• **GOAL OF THE EXERCISE**
Start at the line in the entries below that contains "Mooikloof Country Estate", stop at the line that contains "Address Withheld By Seller, Miami, FL 33135", and output exactly the lines in that span, both ends included.

• **DATA IN THIS EXERCISE**

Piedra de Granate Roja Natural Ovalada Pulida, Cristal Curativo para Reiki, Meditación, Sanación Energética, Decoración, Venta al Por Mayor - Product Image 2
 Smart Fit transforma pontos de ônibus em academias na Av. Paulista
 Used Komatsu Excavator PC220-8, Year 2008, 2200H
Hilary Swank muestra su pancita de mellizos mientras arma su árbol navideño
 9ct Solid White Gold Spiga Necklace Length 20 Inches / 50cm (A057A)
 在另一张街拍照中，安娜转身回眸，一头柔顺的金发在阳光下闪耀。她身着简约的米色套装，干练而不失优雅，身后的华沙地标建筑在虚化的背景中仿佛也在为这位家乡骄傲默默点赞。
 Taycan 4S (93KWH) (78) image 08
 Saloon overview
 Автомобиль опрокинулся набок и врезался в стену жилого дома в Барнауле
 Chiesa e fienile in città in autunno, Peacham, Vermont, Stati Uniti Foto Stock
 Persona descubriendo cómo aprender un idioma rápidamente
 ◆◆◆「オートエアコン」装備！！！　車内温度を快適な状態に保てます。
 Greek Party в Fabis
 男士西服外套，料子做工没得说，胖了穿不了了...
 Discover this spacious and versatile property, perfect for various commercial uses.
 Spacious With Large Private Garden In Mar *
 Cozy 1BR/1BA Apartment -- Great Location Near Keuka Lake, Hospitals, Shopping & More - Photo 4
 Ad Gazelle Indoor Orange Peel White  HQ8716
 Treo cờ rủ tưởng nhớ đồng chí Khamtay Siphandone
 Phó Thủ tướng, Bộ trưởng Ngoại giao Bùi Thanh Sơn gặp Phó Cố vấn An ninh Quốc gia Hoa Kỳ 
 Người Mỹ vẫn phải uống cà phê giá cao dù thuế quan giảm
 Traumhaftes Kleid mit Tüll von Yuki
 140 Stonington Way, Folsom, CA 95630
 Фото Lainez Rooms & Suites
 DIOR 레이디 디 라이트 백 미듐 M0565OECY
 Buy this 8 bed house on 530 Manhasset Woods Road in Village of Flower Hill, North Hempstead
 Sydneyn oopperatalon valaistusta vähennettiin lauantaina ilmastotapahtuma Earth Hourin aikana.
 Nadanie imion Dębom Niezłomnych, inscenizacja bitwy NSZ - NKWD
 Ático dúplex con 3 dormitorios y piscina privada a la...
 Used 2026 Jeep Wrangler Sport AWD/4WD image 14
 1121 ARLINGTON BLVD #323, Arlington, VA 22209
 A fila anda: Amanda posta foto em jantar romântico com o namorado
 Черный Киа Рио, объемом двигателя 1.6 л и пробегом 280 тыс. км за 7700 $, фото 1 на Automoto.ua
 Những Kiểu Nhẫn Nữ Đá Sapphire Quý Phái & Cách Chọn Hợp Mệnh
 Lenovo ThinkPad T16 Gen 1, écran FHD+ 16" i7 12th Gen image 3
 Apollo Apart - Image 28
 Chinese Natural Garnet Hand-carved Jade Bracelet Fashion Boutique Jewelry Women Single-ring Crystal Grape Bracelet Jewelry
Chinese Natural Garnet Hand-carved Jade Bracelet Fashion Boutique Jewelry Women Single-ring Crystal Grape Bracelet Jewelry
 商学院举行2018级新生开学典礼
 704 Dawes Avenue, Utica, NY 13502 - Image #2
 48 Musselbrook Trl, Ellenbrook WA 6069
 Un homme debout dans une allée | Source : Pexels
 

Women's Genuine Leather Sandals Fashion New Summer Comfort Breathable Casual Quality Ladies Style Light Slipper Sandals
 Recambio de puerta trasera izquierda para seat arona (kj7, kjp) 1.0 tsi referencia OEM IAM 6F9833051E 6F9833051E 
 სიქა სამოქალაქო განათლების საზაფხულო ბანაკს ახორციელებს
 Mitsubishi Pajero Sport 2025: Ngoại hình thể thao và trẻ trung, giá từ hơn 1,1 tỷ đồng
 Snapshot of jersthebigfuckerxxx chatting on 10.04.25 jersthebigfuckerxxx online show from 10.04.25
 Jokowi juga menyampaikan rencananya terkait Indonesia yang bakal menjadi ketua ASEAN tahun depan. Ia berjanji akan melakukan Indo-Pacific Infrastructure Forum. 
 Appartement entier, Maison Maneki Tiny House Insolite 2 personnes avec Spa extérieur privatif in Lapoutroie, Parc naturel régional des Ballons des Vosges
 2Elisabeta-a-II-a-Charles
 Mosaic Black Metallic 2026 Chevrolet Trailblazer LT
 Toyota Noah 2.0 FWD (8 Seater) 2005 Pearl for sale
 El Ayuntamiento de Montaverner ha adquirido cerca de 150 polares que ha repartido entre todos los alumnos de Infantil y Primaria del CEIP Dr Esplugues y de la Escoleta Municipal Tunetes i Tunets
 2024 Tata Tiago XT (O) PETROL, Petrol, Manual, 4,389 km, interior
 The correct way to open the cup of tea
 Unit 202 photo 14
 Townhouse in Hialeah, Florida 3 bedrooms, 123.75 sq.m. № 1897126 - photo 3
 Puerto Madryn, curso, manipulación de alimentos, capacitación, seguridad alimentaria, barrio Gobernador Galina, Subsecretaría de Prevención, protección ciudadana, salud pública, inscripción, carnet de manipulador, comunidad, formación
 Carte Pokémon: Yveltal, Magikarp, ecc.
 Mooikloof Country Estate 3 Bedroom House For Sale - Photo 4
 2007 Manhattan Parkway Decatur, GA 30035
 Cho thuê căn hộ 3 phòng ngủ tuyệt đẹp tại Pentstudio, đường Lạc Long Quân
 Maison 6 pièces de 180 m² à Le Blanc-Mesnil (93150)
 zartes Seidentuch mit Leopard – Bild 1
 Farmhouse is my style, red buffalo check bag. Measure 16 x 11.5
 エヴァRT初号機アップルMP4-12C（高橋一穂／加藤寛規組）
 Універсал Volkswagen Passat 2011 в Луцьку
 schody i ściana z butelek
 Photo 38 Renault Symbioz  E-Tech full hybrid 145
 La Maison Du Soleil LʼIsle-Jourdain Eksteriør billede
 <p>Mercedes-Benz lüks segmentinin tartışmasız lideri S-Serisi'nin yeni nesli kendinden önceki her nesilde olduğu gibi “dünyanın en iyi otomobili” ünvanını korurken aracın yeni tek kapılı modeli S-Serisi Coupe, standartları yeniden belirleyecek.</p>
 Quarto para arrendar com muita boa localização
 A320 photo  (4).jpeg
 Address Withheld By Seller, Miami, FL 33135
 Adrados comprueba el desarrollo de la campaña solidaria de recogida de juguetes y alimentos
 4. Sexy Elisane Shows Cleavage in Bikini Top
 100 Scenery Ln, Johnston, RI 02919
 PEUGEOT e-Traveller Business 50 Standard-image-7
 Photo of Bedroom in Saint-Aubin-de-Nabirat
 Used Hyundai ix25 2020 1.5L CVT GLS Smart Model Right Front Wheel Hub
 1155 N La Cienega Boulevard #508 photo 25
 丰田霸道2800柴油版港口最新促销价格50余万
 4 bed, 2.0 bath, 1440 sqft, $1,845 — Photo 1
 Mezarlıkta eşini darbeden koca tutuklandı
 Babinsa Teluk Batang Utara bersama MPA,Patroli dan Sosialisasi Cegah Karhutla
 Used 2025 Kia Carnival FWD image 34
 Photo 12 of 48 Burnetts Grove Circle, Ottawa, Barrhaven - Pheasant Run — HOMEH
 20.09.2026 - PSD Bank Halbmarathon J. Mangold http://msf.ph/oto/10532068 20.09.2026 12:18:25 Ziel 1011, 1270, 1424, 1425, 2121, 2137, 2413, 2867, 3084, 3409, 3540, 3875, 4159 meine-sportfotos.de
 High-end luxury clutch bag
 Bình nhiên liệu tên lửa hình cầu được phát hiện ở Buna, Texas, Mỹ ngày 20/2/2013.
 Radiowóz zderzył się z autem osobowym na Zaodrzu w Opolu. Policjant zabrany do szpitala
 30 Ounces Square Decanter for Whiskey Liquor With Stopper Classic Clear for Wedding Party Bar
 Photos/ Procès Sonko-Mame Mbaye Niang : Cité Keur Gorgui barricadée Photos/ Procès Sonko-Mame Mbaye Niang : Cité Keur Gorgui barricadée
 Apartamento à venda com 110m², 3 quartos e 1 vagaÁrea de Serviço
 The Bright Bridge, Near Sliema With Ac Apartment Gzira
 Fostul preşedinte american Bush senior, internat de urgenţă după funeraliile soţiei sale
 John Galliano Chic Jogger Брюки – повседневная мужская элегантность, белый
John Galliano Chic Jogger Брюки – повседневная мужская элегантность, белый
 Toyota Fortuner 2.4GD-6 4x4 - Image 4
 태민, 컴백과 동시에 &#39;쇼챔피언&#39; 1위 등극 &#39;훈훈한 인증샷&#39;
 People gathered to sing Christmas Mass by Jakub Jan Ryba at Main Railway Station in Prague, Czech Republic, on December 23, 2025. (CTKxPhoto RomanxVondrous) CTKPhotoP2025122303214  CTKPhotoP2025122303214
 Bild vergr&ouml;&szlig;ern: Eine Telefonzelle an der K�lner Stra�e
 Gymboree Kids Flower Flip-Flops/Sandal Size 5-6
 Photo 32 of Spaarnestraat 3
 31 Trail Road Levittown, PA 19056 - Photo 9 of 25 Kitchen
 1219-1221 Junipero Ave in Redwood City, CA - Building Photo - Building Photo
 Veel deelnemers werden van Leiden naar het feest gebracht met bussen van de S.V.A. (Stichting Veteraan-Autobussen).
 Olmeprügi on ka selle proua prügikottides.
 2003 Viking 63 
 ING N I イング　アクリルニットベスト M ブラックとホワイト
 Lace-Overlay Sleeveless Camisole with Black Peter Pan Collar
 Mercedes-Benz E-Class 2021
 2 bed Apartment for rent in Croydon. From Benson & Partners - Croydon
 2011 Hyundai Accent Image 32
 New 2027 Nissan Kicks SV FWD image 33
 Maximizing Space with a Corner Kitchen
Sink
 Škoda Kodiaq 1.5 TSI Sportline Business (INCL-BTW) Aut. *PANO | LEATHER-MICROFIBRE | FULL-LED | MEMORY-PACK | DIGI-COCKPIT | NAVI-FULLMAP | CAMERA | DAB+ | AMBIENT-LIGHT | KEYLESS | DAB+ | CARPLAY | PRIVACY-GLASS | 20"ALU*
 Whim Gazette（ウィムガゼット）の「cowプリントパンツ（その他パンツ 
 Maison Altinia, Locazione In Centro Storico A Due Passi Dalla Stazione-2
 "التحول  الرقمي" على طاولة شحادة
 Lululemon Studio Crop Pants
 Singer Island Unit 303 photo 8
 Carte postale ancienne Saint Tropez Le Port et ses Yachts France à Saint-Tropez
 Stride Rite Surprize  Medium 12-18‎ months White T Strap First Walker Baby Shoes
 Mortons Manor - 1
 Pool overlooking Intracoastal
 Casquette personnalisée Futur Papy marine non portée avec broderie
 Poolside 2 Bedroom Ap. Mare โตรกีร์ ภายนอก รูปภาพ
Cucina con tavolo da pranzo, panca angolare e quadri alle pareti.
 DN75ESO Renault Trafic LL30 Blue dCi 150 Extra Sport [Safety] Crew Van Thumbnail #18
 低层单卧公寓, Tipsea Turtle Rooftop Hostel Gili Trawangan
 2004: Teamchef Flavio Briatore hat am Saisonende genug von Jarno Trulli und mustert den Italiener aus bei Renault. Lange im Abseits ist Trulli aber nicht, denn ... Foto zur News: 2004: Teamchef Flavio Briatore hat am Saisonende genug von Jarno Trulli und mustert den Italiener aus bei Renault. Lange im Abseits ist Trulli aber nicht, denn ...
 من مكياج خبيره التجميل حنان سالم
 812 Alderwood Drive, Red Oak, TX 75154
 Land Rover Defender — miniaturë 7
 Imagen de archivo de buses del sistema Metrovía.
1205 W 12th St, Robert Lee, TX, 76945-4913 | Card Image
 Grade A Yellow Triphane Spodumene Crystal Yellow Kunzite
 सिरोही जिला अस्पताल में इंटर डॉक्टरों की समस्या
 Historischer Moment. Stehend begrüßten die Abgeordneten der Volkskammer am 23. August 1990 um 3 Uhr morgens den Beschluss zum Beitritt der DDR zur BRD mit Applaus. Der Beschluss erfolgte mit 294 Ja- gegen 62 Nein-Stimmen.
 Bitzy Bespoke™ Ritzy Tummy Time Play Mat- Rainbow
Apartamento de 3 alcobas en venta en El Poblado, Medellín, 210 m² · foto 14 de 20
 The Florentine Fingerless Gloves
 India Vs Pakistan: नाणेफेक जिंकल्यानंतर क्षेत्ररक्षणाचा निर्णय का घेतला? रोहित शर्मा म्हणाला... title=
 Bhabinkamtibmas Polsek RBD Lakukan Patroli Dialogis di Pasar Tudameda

• **SOLUTION TO THE EXERCISE**
 Mooikloof Country Estate 3 Bedroom House For Sale - Photo 4
 2007 Manhattan Parkway Decatur, GA 30035
 Cho thuê căn hộ 3 phòng ngủ tuyệt đẹp tại Pentstudio, đường Lạc Long Quân
 Maison 6 pièces de 180 m² à Le Blanc-Mesnil (93150)
 zartes Seidentuch mit Leopard – Bild 1
 Farmhouse is my style, red buffalo check bag. Measure 16 x 11.5
 エヴァRT初号機アップルMP4-12C（高橋一穂／加藤寛規組）
 Універсал Volkswagen Passat 2011 в Луцьку
 schody i ściana z butelek
 Photo 38 Renault Symbioz  E-Tech full hybrid 145
 La Maison Du Soleil LʼIsle-Jourdain Eksteriør billede
 <p>Mercedes-Benz lüks segmentinin tartışmasız lideri S-Serisi'nin yeni nesli kendinden önceki her nesilde olduğu gibi “dünyanın en iyi otomobili” ünvanını korurken aracın yeni tek kapılı modeli S-Serisi Coupe, standartları yeniden belirleyecek.</p>
 Quarto para arrendar com muita boa localização
 A320 photo  (4).jpeg
 Address Withheld By Seller, Miami, FL 33135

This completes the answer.